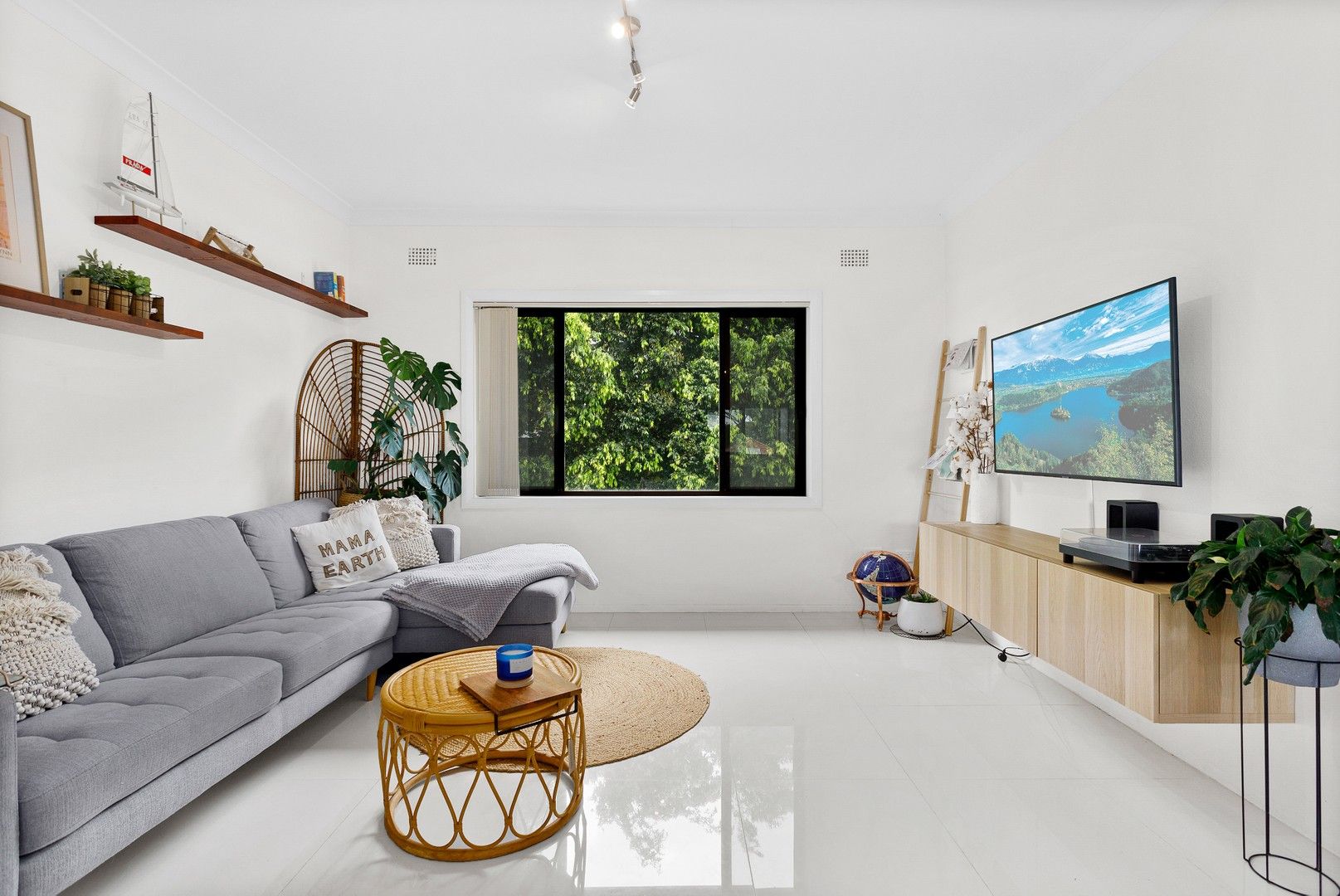 2 bedrooms Apartment / Unit / Flat in 9/8 Miller Street CONISTON NSW, 2500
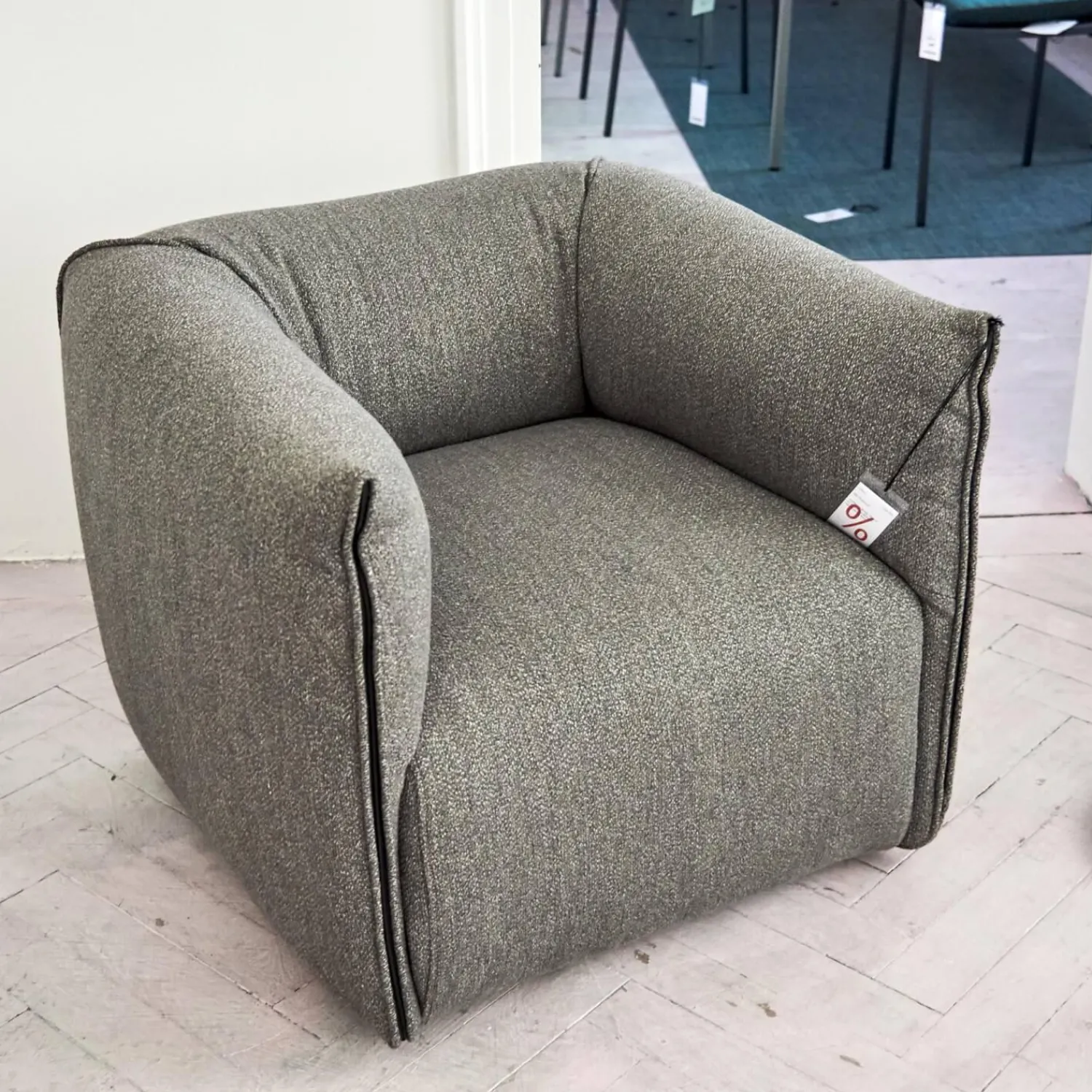 MDF Italia Loungesessel|Sessel Mia Bezugsstoff Dune Grau Basis Drehbar Mit Rückholmechanismus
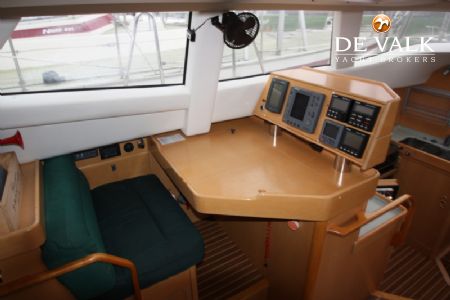 WAUQUIEZ 43 PILOT SALOON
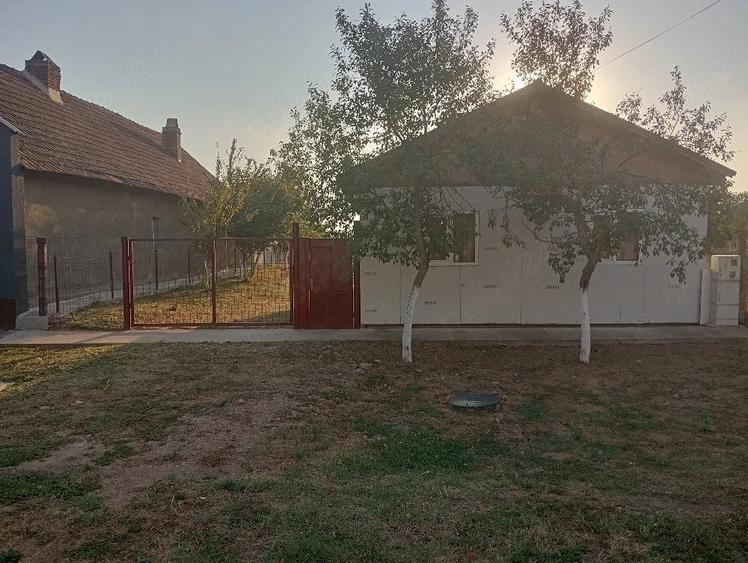 Vind casa la Hodoni, Jud Timi?,17km de Timi?oara,pret 69000 Euro - 3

▸ **Task prompt**
Your copy should run from the line that has "MDF Italia Loungesessel|Sessel" through the last line above, exactly, with both ends in and pictures out.

▸ **Task output**
 MDF Italia Loungesessel|Sessel Mia Bezugsstoff Dune Grau Basis Drehbar Mit Rückholmechanismus
 WAUQUIEZ 43 PILOT SALOON
 Vind casa la Hodoni, Jud Timi?,17km de Timi?oara,pret 69000 Euro - 3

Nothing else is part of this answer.